Quelques mesures d’hygiène

Ainsi, le traitement de la maladie de Crohn repose sur plusieurs approches, et notamment sur des mesures d’hygiène, dont la première est l’arrêt total du tabac. Cette mesure permet de réduire l’intensité et la fréquence des poussées. Parfois, elle permet aussi d’éviter le recours à la chirurgie. D’autre part, il est préférable d’éviter le stress. En effet, s’il n’est pas responsable de la maladie, il constitue un facteur favorisant les poussées. Pour affronter la maladie, les personnes touchées peuvent se tourner vers les associations de patients, qui leur prodiguent de précieux conseils.

Le traitement médical des symptômes

Comme nous l’avons expliqué, le traitement médicamenteux agit sur les symptômes de la maladie. Il permet notamment d’améliorer la qualité de vie des patients, tout en permettant de repousser le recours à la chirurgie. Dans ce cadre, les anti-inflammatoires, les immunosuppresseurs et les corticoïdes sont souvent utilisés. C’est aussi le cas des antibiotiques et des biothérapies anti-TNF alpha. Enfin, les médecins prescrivent souvent du fer aux personnes atteintes de la maladie de Crohn, principalement en raison du risque d’anémie engendré par les carences alimentaires courantes.

Le recours à la chirurgie

Lorsque le traitement médicamenteux et les approches complémentaires se montrent insuffisants, une chirurgie peut être nécessaire. Celle-ci permet notamment de traiter certaines complications liées à la maladie (qui reste présente malgré tout). L’opération consiste alors à ôter les parties de l’intestin atteintes par les lésions. On accompagne parfois cette intervention d’une ouverture temporaire de l’abdomen (stomie), permettant aux parties opérées de cicatriser. Si la chirurgie peut être une solution efficace, elle ne peut pas garantir l’absence de récidives sur le reste du tube digestif.

Peut-on prévenir la maladie de Crohn ?

Comme on ignore encore pourquoi et comment la maladie se déclare, il est impossible de la prévenir.
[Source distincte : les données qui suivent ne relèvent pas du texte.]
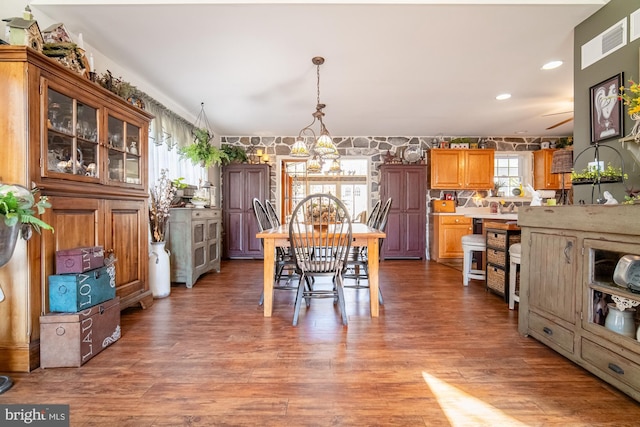 dining space featuring an inviting chandelier, wallpapered walls, wood finished floors, and recessed lighting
Les études menées à ce jour suggèrent qu’une consommation accrue de protéines animales augmente le risque d’en souffrir, mais ces données restent à confirmer. Alors, si on ne peut pas prévenir la maladie, il est tout de même possible d’en prévenir l’aggravation et les récidives. Voici comment :

  • Ne pas fumer : comme nous l’avons vu, le tabagisme accroît la fréquence et l’intensité des poussées ;
  • Suivre le traitement : s’il est adapté et bien suivi, le traitement permet de réduire les crises (fréquence et intensité), et de prévenir l’aggravation des diverses lésions ;
  • Éviter les médicaments anti-inflammatoires en vente libre : demandez toujours conseil à votre médecin avant de prendre ce type de médicament. Certains peuvent déclencher des crises ou aggraver les symptômes de la maladie.
  • Adopter une alimentation saine et équilibrée : pour réduire l’incidence de la maladie sur la vie de tous les jours, il est conseillé d’adopter un régime alimentaire sain. Évitez les sucres raffinés et privilégiez les sources d’acides gras oméga-3. De plus, évitez les aliments susceptibles d’aggraver les symptômes (ces aliments varient d’une personne à l’autre). Il s’agit le plus souvent des céréales, de la viande rouge, des produits laitiers ainsi que de quelques fruits et légumes.
  • Tenir un carnet de la composition de ses repas : les médecins conseillent de suivre régulièrement le contenu des repas, pour identifier les aliments susceptibles d’être à l’origine du déclenchement de crises. La réaction aux aliments peut ne pas être immédiate.